Last updated on: February 23, 2016, 09:41h.
Virginia DFS Senate Bill 646 passed through the state’s House of Delegates on Monday with a vote of 80 in favor to only 20 against.
The legislation seeks to create the Fantasy Contests Act and allow residents in the Old Dominion State to actively participate in daily fantasy sports contests on popular platforms like DraftKings and FanDuel.
The law would require operators to pay an annual fee of $50,000 to the state, prevent employees from participating in the games, ensure the security of data and the segregation of player funds, block those under the age of 18 from logging on, and create self-exclusion programs.
Originally authored by House Delegate Jackson Miller (R-District 50) in mid-January, State Senator Ryan McDougle (R-District 4) introduced an identical companion bill in his chamber that is apparently the measure the General Assembly will move forward.
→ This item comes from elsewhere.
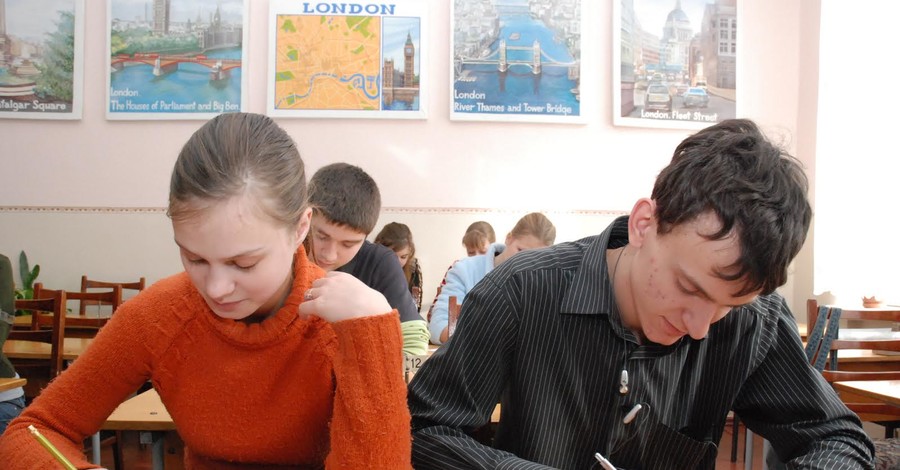 Запорожские выпускники для тестирования выбирают историю Украины и математику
“It’s not expansive. It’s not burdensome. But it does put in some protection for consumers,” McDougle told The Richmond Times-Dispatch.
Earlier this month, Virginia’s Senate passed SB 646 28-10. Now armed with the House’s approval, the legislation will be sent to Governor Terry McAuliffe’s (D) desk to be signed into law and make Virginia the first state to fully legalize daily fantasy sports.
Death to Taxes
Miller and McDougle, along with those who voted in favor of SB 646, are challenging the old Benjamin Franklin adage that reads, “Nothing is certain except death and taxes.”
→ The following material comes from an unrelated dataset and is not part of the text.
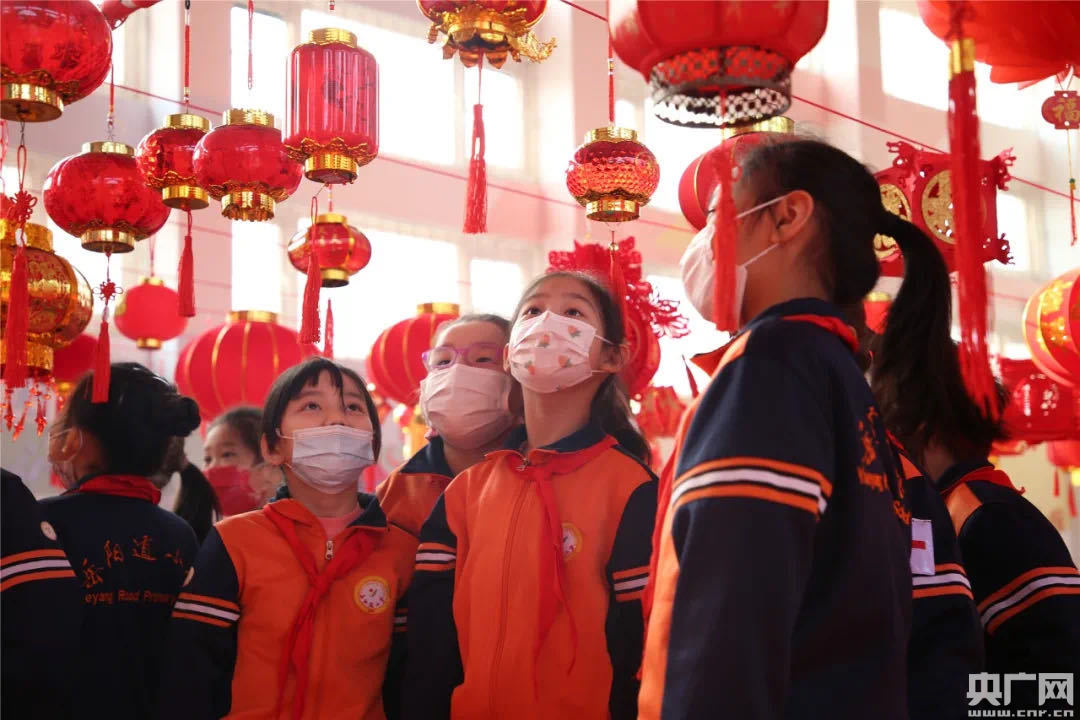 天津市岳阳道小学多种形式庆祝元宵佳节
While the Fantasy Contests Act levies an annual fee on DFS operators, it makes no mention of an additional tax on their gross revenues or net operating income, as is the case in several other states considering such legislation.
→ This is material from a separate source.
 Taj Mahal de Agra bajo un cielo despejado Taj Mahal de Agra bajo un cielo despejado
That lack has earned the ire of Democrats in Richmond, who believe if the state legalizes daily fantasy contests, it should reap some reward.
“Virginia doesn’t get a piece of this. If we’re going to allow this kind of gambling to go on in Virginia we should at least get some kind of benefit from it,” Delegate Alfonso Lopez (D-District 49) told American University Radio in Washington, DC.
The Republican-controlled General Assembly seemingly disagrees.
“I did not bring it in to be a tax increase bill, so I was not about to tax these companies,” Miller said. “What I wanted to do is put some consumer protections in there but also make it so that the over 1.2 million Virginians who play it now can continue.”
Cuban Sounds Off
Mark Cuban, the billionaire owner of the NBA’s Dallas Mavericks, can be called a lot of things, but reserved is certainly not one of them. In early 2016, Cuban revealed he was investing in Fantasy Labs, a DFS analytics company.
The outspoken star of TV’s venture capital show “Shark Tank” doesn’t much like the numerous state attorneys general who have publicly declared the sports contests illegal.
“Certain politicians like New York Attorney Gen. Eric Schneiderman … have sought to make a name for themselves by promoting efforts to ban daily fantasy in their respective states. They are wrong and misguided,” Cuban wrote in an op-ed this week for USA Today.
Cuban argues in the column that winning at daily fantasy sports requires time, work, and skill, which is why the contests shouldn’t be linked to gambling.
“Good luck standing in the way of the entire sports-loving population that enjoys the camaraderie that comes with playing fantasy sports. Fantasy sports is here to stay, and that is a good thing,” Cuban concluded.